** Available data follows **
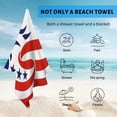 thumbnail image 4 of GZHJMY Beach Towel for Women Girls, Eagle Head american flag Bath Towel, Oversized Lightweight Sport Towel, 31x71 Inch, 4 of 7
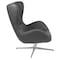 Flash Furniture Gray LeatherSoft Seat, Gray Back, 32.5 W 40.5 H ZB-WING-GY-LEA-GG - alternate 5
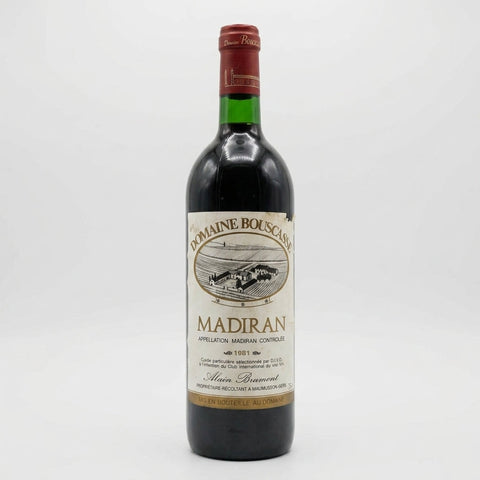 Madiran Domaine Bouscassé 1981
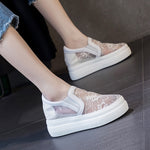Breathable Mesh Slip-On Women Shoes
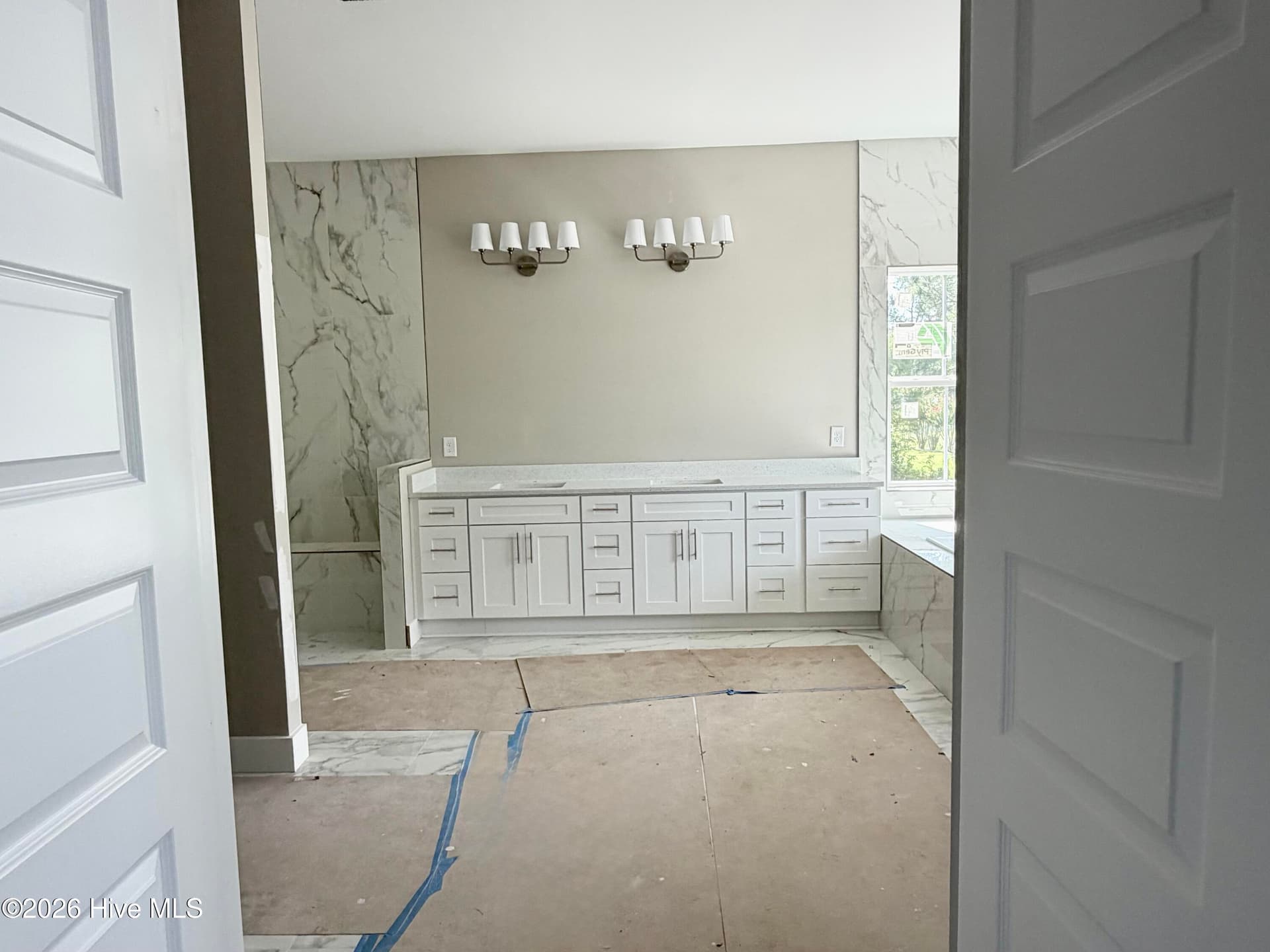 Primary bath, under construction. - 550 Glenburnie Street NW, Calabash, NC 28467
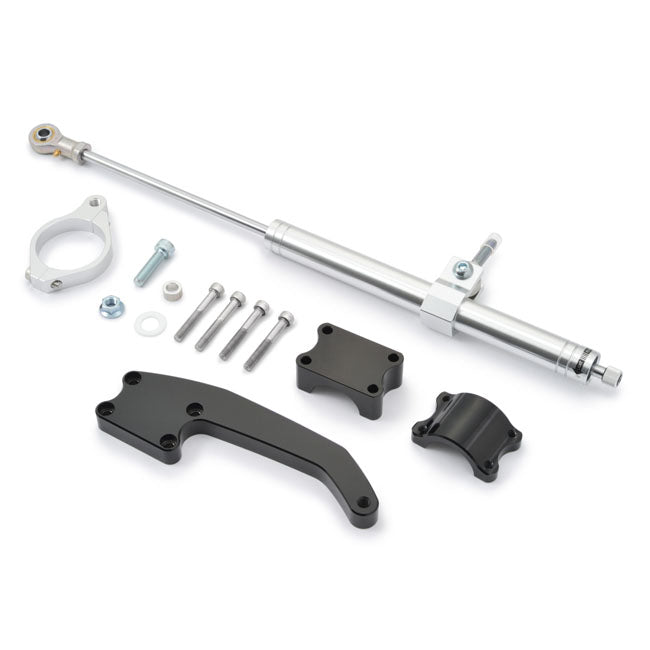 Daytona Silver Steering Damper Kit for Harley Davidson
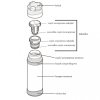 THERMOS Termoska se šálkem do extrémních podmínek - vínově červená (burgundy)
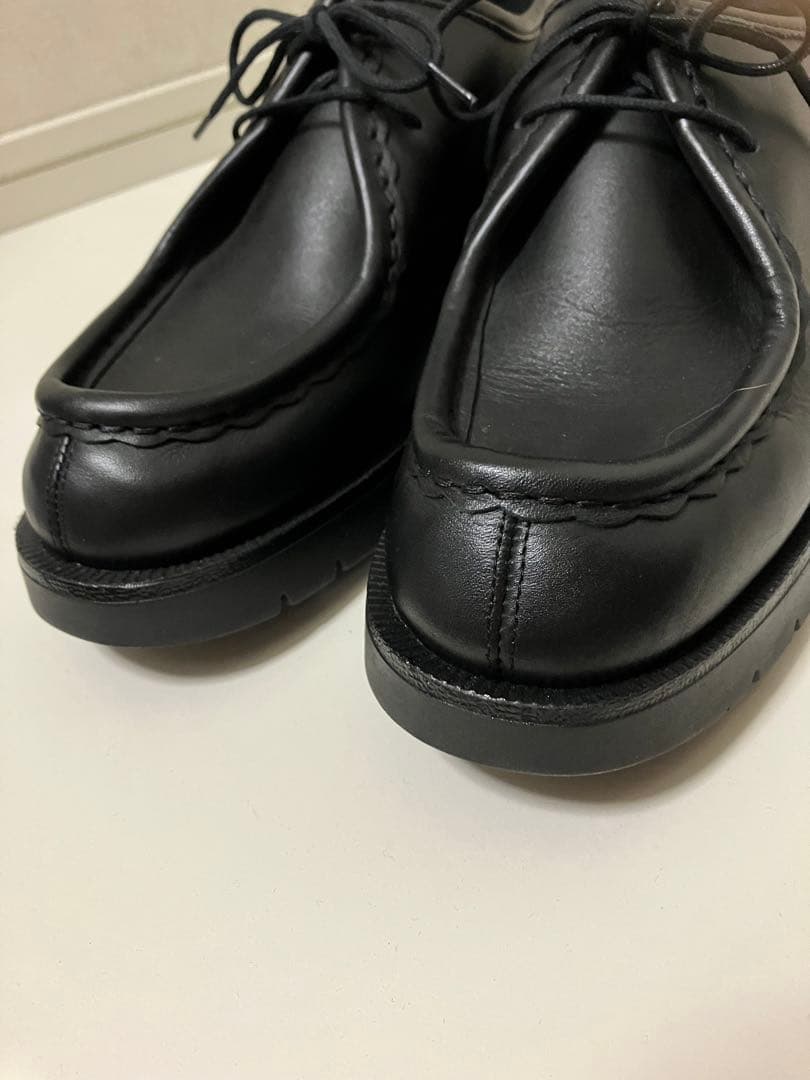 KLEMANクレマン モカシンブーツ ブラック サイズ40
** End of Available data **
Each record must be repeated exactly, and no picture may be carried over.

 thumbnail image 4 of GZHJMY Beach Towel for Women Girls, Eagle Head american flag Bath Towel, Oversized Lightweight Sport Towel, 31x71 Inch, 4 of 7
 Flash Furniture Gray LeatherSoft Seat, Gray Back, 32.5 W 40.5 H ZB-WING-GY-LEA-GG - alternate 5
 Madiran Domaine Bouscassé 1981
Breathable Mesh Slip-On Women Shoes
 Primary bath, under construction. - 550 Glenburnie Street NW, Calabash, NC 28467
 Daytona Silver Steering Damper Kit for Harley Davidson
 THERMOS Termoska se šálkem do extrémních podmínek - vínově červená (burgundy)
 KLEMANクレマン モカシンブーツ ブラック サイズ40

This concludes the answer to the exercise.